# Text processing and topic modelling of Amazon reviews 
* Automotive category analysis

### Importing libs

In [1]:
import os
import re
from dotenv import load_dotenv
from pyspark.sql import SparkSession
from delta import *
import pyspark.sql.functions as F

from sparknlp.base import DocumentAssembler
from sparknlp.annotator import Tokenizer
from sparknlp.annotator import Lemmatizer
from sparknlp.annotator import LemmatizerModel
from sparknlp.annotator import Normalizer
from sparknlp.annotator import StopWordsCleaner
from sparknlp.base import Finisher

In [2]:
load_dotenv()

STORAGE_ACCOUNT_NAME = os.getenv('STORAGE_ACCOUNT_NAME')
STORAGE_ACCOUNT_KEY = os.getenv('STORAGE_ACCOUNT_KEY')

builder = SparkSession.builder\
        .config("spark.jars.packages", "org.apache.hadoop:hadoop-azure:3.3.4,\
io.delta:delta-core_2.12:2.4.0,\
io.delta:delta-storage:2.4.0,\
com.johnsnowlabs.nlp:spark-nlp_2.12:4.3.0")\
        .config(f"fs.azure.account.key.{STORAGE_ACCOUNT_NAME}.dfs.core.windows.net", f"{STORAGE_ACCOUNT_KEY}")\
        .config("spark.sql.extensions", "io.delta.sql.DeltaSparkSessionExtension")\
        .config("spark.sql.catalog.spark_catalog", "org.apache.spark.sql.delta.catalog.DeltaCatalog")

spark = configure_spark_with_delta_pip(builder).getOrCreate()



In [3]:
root = 'abfss://default@stdatalakeakita.dfs.core.windows.net/synapse/workspaces/syn-synfactoreddatathon01-dev'

df = spark.read\
.format('delta')\
.load(f'{root}/silver/silver_amazon_reviews_automotive')

df.show()

+--------------+----------+--------------------+------+-------+--------------------+--------------------+--------------------+--------------------+--------------+-----------------+------------+------------+--------------------+------------+---------+-------------+
|   reviewer_id|      asin|               title|  rank|overall|flg_positive_overall|flg_negative_overall|             summary|         review_text|         brand|     2nd_category|3rd_category|4th_category|            also_buy|also_buy_qty|also_view|also_view_qty|
+--------------+----------+--------------------+------+-------+--------------------+--------------------+--------------------+--------------------+--------------+-----------------+------------+------------+--------------------+------------+---------+-------------+
|A2TYWZQNOGX2YS|B0001EVUCM|Auto Ventshade 77...|364973|      5|                true|               false|          Vent Shade|Did great for me....|Auto Ventshade|Replacement Parts| Body & Trim|        Body

### Pre-processing review text

#### 1. Removing ponctuation

In [4]:
def clean_text(c):
  c = F.lower(c)
  c = F.regexp_replace(c, "(https?\://)\S+", "") # Remove links
  c = F.regexp_replace(c, "(\\n)|\n|\r|\t", "") # Remove CR, tab, and LR
  c = F.regexp_replace(c, "(?:(?:[0-9]{2}[:\/,]){2}[0-9]{2,4})", "") # Remove dates
  c = F.regexp_replace(c, "@([A-Za-z0-9_]+)", "") # Remove usernames
  c = F.regexp_replace(c, "[0-9]", "") # Remove numbers
  c = F.regexp_replace(c, "\{|\}|\[|\]|\(|\)|\;|\:|\/|\#|\.|\?|\!|\&|\"|\,", "") # Remove symbols
  c = F.regexp_replace(c, ' +', ' ')# Remove multiple whitespaces
  c = F.trim(c)# Remove trailing whitespaces
  return c

df = df.withColumn("review_text_process", clean_text(F.col("review_text")))

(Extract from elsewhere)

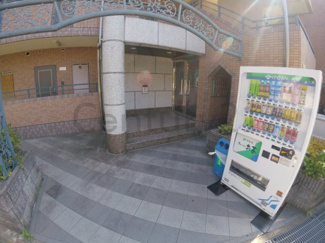 【エントランス】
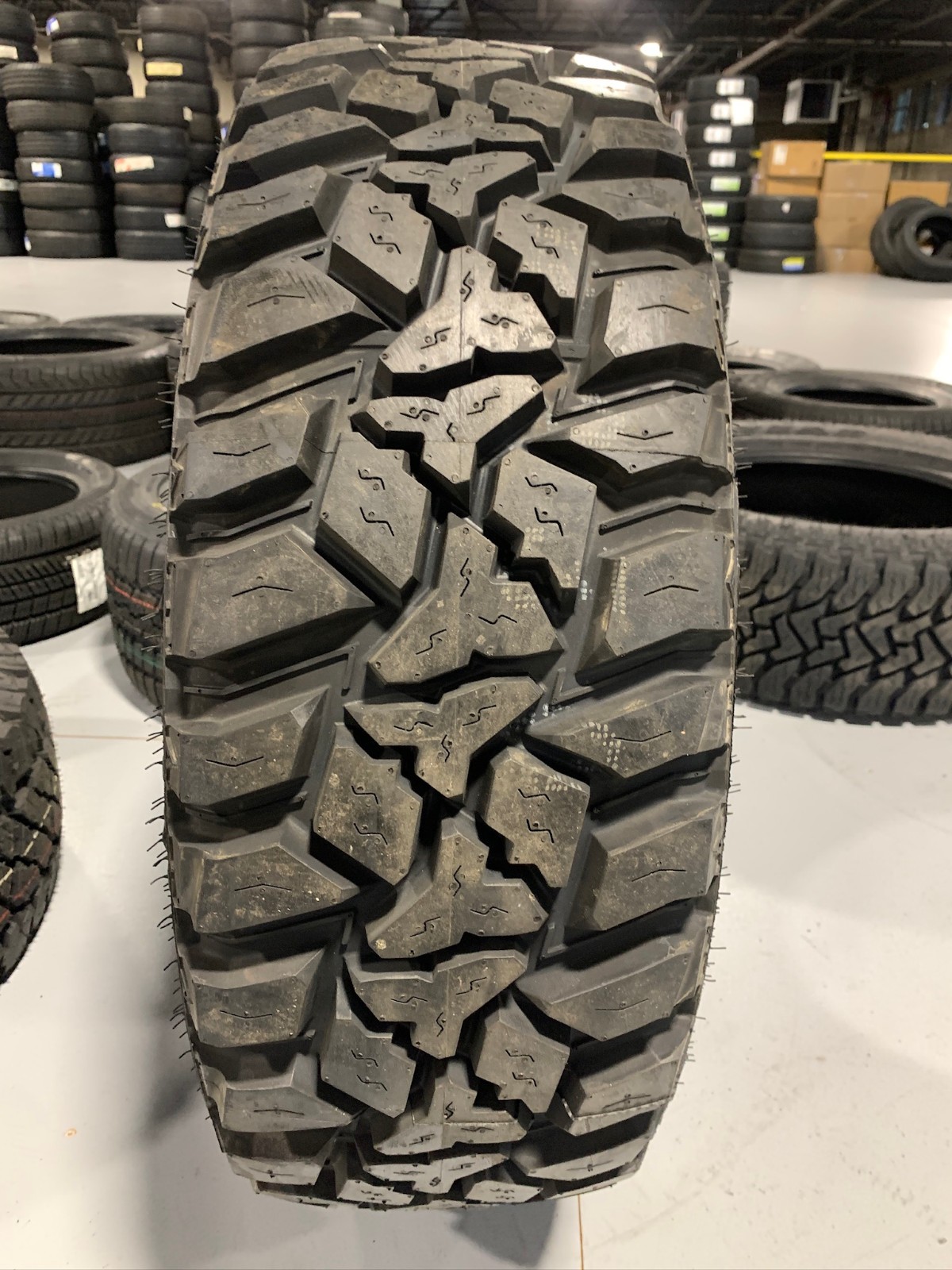 1 New LT 31 10.50 15 LRC 6 Ply Kelly Safari MT Mud Tire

#### 2. Document Assembler

In [5]:
# Removing null texts
df_reviews_automotive = (
    df
    .withColumn('review_text_process', F.coalesce(F.col('review_text_process'), F.lit('Null Review')))                    
)

# Step 1: Transforms raw texts to `document` annotation
document_assembler = (
    DocumentAssembler()
    .setInputCol("review_text_process")
    .setOutputCol("document")
)

#### 3. Tokenizer

In [6]:
# Step 3: Tokenization
tokenizer = (
    Tokenizer()
    .setInputCols(["document"])
    .setOutputCol("token")

)

#### 4. Normalizer

In [7]:
normalizer= Normalizer()\
    .setInputCols(["token"])\
    .setOutputCol("normalized")\
    .setLowercase(True)

#### 5. Removing Stop Words

In [8]:
from nltk.corpus import stopwords
eng_stopwords = stopwords.words('english')

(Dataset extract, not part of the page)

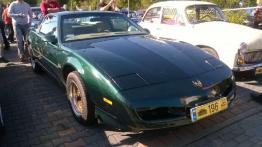 Starej motoryzacji czar ...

stopwordsCleaner =StopWordsCleaner()\
    .setInputCols(["normalized"])\
    .setOutputCol("no_stop_words")\
    .setStopWords(eng_stopwords)

#### 6. Lemmatizer

In [9]:
lemmatizer = LemmatizerModel.pretrained() \
.setInputCols(["no_stop_words"]) \
.setOutputCol("lemma")

lemma_antbnc download started this may take some time.
Approximate size to download 907,6 KB
[OK!]


#### 7. POSTagger

In [10]:
from sparknlp.annotator import PerceptronModel
pos_tagger = PerceptronModel.pretrained('pos_anc') \
     .setInputCols(['document', 'lemma']) \
     .setOutputCol('pos')

pos_anc download started this may take some time.
Approximate size to download 3,9 MB
[OK!]


#### 8. Chunk

In [11]:
from sparknlp.annotator import Chunker
allowed_tags = ['<JJ>+<NN>', '<NN>+<NN>']
chunker = Chunker() \
     .setInputCols(['document', 'pos']) \
     .setOutputCol('ngrams') \
     .setRegexParsers(allowed_tags)

#### 9. Finisher

In [12]:
finisher = Finisher() \
.setInputCols(['lemma', 'ngrams'])

#### 10. Pipeline

In [13]:
from pyspark.ml import Pipeline
pipeline = Pipeline() \
     .setStages([document_assembler,
                 tokenizer,
                 normalizer,
                 stopwordsCleaner,
                 lemmatizer,
                 pos_tagger,
                 chunker,
                 finisher])

df_reviews_automotive = pipeline.fit(df_reviews_automotive).transform(df_reviews_automotive)

In [14]:
df_reviews_automotive = df_reviews_automotive.withColumn('final',
     F.concat(F.col('finished_lemma'), 
            F.col('finished_ngrams')))

df_reviews_automotive.limit(10).show(truncate=False)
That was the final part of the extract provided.